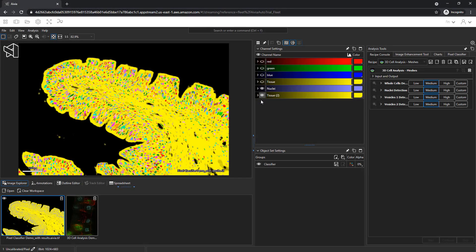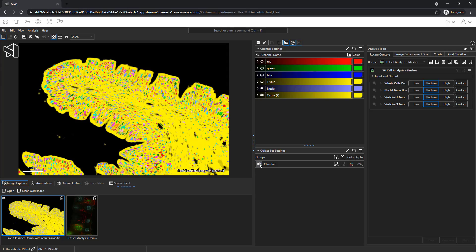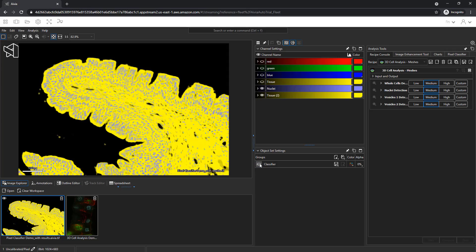Welcome to Avia. In this video, we will explore a demo dataset of the pixel classifier.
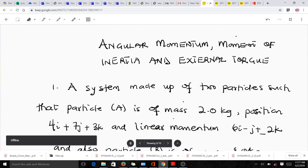Hello, welcome to today's lesson. Today we're going through angular momentum, moments of inertia, and external torque for a system of particles. These happen to be very important topics in the study of theoretical mechanics. I'm Boedro Canary, a third year student of mathematics at KNUSD, and I'll be taking you through this lesson. Please don't forget to like the video if it helps you, and subscribe to the YouTube channel for more videos.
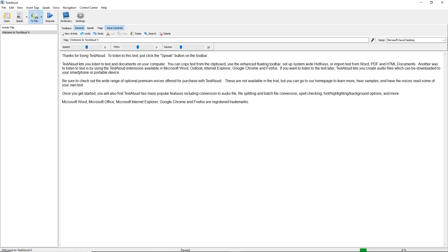Once you've installed TextAloud 4 and the program opens for the first time, you'll see that a default text article is present on screen. Make sure that your computer's volume is set at a comfortable level for listening, then click the Speak button to hear TextAloud read the default text so that you know everything is working properly.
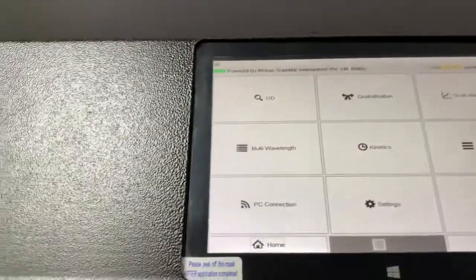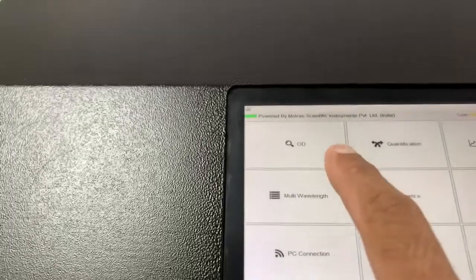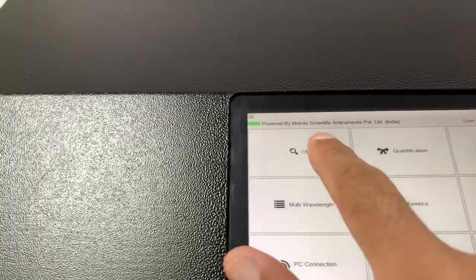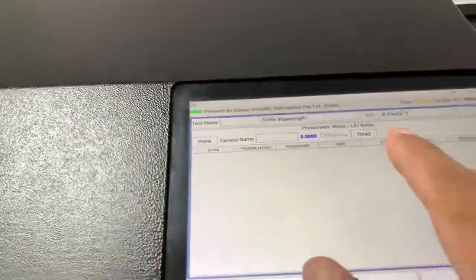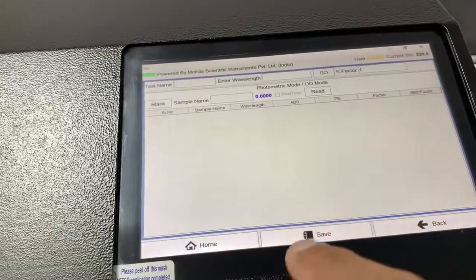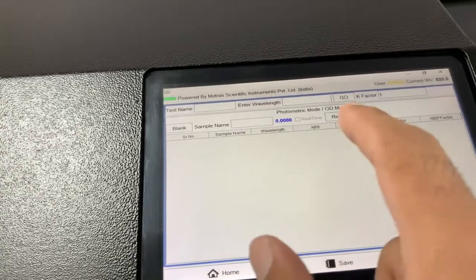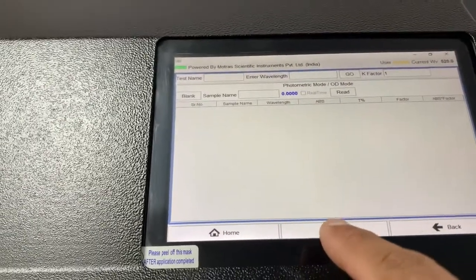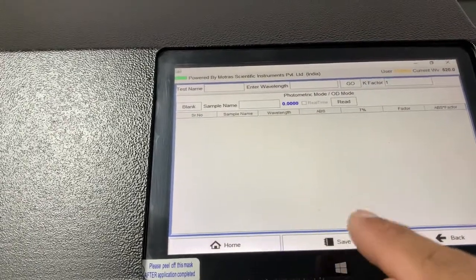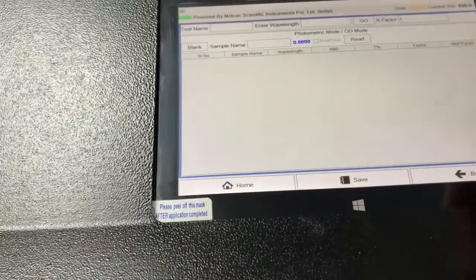This is the layout. From here, one can do OD photometric mode. You can take the results and save them to a pen drive or print them.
***
### PROMPT:
Working from the line with "Once you've installed" to the last line of the material above, repeat each line exactly and leave out the pictures.

### YOUR RESPONSE:
Once you've installed TextAloud 4 and the program opens for the first time, you'll see that a default text article is present on screen. Make sure that your computer's volume is set at a comfortable level for listening, then click the Speak button to hear TextAloud read the default text so that you know everything is working properly.
This is the layout. From here, one can do OD photometric mode. You can take the results and save them to a pen drive or print them.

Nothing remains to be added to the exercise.